## What this task involves
Please give back, word for word, each line from the start of the entries through the one in which "Modern bedroom with" is found.

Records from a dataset
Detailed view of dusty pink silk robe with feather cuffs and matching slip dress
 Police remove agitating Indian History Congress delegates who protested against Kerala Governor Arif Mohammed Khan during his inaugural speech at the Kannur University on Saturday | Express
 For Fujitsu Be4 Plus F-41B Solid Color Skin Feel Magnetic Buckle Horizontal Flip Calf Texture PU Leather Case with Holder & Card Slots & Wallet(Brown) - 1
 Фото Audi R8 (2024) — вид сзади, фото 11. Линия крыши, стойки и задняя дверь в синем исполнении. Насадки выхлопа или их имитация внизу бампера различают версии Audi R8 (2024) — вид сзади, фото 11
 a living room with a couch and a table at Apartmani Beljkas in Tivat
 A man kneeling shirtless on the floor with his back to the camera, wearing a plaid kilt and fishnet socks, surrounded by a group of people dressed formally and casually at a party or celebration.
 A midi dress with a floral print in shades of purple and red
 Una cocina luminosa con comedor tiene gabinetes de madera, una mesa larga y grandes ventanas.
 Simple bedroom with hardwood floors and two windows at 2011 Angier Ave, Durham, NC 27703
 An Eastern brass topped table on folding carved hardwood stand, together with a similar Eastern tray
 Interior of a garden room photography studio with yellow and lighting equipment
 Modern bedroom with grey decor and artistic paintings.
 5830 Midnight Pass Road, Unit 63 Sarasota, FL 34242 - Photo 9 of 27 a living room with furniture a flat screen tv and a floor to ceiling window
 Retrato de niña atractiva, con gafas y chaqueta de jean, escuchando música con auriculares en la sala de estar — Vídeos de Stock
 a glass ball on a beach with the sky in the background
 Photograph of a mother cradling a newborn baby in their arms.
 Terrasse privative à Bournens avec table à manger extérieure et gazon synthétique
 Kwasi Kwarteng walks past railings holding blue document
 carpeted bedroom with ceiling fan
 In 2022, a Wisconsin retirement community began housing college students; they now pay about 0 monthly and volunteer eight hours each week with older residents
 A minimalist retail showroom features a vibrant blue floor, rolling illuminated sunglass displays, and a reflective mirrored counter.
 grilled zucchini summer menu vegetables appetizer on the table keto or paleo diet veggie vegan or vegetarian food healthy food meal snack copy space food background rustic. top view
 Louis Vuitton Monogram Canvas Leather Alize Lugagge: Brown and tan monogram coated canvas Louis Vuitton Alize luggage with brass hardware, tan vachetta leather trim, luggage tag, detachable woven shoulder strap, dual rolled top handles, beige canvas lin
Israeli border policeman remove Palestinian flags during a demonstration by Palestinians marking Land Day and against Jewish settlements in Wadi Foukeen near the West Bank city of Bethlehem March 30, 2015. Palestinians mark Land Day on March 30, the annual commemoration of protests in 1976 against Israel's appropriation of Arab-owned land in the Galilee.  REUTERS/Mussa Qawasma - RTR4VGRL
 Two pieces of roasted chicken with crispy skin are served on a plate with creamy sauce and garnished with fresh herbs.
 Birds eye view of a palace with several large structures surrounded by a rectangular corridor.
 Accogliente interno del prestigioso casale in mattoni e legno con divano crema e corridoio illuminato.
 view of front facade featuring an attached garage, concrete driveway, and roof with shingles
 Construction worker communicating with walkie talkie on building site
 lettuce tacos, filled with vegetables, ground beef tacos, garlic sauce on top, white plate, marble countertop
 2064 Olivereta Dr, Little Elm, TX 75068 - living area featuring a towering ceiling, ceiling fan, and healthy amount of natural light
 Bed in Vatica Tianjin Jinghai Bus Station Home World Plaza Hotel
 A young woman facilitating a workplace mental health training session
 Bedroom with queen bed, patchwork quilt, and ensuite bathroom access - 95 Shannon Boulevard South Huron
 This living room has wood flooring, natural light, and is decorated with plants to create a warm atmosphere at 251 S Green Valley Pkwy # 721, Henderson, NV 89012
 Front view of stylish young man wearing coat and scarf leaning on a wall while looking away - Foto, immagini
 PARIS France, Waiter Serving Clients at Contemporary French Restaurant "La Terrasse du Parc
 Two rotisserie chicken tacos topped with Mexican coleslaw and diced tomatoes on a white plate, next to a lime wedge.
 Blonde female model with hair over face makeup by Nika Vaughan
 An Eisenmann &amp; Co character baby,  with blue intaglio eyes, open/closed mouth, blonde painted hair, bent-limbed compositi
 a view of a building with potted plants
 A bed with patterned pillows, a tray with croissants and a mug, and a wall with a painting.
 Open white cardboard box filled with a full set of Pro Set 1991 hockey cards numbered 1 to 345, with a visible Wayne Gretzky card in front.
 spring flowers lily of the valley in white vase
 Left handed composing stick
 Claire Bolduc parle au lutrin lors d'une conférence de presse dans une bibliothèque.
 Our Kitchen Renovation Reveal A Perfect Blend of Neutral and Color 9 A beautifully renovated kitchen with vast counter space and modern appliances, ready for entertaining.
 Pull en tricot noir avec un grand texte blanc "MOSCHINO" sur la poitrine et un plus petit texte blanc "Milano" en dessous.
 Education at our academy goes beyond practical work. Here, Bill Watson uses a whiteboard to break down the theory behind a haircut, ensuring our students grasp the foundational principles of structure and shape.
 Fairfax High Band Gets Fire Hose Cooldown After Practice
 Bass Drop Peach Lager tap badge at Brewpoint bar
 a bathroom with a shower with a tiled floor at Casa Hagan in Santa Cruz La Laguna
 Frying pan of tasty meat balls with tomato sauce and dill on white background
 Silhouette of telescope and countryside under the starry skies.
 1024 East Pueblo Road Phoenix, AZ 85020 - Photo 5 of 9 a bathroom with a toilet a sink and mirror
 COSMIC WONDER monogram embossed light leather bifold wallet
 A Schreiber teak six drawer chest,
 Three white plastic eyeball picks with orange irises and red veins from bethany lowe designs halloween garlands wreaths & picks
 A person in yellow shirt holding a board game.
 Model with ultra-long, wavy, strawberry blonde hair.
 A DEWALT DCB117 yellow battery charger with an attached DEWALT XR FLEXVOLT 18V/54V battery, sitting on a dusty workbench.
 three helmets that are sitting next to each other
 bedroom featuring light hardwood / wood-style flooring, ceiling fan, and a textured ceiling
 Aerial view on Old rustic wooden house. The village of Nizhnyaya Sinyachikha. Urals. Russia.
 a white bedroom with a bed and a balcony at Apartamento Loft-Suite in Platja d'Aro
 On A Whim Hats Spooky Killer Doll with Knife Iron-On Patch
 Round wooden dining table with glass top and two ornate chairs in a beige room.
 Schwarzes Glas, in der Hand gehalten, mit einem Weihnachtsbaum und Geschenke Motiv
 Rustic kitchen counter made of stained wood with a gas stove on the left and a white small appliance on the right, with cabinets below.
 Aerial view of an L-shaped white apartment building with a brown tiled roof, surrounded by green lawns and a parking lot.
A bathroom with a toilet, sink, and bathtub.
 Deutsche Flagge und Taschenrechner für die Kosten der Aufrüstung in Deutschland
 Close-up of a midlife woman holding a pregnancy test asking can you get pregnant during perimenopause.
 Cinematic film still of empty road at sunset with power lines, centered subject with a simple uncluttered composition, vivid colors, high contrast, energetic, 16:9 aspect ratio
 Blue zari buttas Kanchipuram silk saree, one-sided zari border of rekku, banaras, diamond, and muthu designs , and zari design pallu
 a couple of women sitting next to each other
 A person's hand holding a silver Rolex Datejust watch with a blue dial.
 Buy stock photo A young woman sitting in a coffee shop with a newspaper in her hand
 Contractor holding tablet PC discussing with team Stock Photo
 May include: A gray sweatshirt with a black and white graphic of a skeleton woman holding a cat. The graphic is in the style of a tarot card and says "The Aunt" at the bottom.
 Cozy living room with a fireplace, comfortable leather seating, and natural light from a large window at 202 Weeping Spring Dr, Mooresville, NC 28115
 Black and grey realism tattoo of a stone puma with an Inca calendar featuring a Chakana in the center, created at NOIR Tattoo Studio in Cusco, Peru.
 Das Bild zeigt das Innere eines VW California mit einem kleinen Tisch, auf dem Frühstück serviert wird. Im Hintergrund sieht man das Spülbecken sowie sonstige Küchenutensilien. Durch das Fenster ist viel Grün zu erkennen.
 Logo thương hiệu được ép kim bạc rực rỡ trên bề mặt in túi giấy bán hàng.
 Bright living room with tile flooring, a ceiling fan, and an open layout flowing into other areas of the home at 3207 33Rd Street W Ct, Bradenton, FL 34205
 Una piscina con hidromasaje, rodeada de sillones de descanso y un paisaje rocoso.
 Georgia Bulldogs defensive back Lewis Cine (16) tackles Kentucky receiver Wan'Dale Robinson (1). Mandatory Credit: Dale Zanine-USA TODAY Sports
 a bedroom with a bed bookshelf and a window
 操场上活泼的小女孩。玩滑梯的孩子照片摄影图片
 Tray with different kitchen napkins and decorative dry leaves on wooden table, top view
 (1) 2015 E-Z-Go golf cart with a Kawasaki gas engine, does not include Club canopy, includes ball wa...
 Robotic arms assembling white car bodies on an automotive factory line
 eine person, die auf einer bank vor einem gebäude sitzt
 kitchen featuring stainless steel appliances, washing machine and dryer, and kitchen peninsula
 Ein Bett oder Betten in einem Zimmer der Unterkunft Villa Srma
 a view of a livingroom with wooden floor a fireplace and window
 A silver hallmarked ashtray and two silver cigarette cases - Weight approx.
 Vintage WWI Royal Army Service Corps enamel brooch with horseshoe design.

## Problem solution
Detailed view of dusty pink silk robe with feather cuffs and matching slip dress
 Police remove agitating Indian History Congress delegates who protested against Kerala Governor Arif Mohammed Khan during his inaugural speech at the Kannur University on Saturday | Express
 For Fujitsu Be4 Plus F-41B Solid Color Skin Feel Magnetic Buckle Horizontal Flip Calf Texture PU Leather Case with Holder & Card Slots & Wallet(Brown) - 1
 Фото Audi R8 (2024) — вид сзади, фото 11. Линия крыши, стойки и задняя дверь в синем исполнении. Насадки выхлопа или их имитация внизу бампера различают версии Audi R8 (2024) — вид сзади, фото 11
 a living room with a couch and a table at Apartmani Beljkas in Tivat
 A man kneeling shirtless on the floor with his back to the camera, wearing a plaid kilt and fishnet socks, surrounded by a group of people dressed formally and casually at a party or celebration.
 A midi dress with a floral print in shades of purple and red
 Una cocina luminosa con comedor tiene gabinetes de madera, una mesa larga y grandes ventanas.
 Simple bedroom with hardwood floors and two windows at 2011 Angier Ave, Durham, NC 27703
 An Eastern brass topped table on folding carved hardwood stand, together with a similar Eastern tray
 Interior of a garden room photography studio with yellow and lighting equipment
 Modern bedroom with grey decor and artistic paintings.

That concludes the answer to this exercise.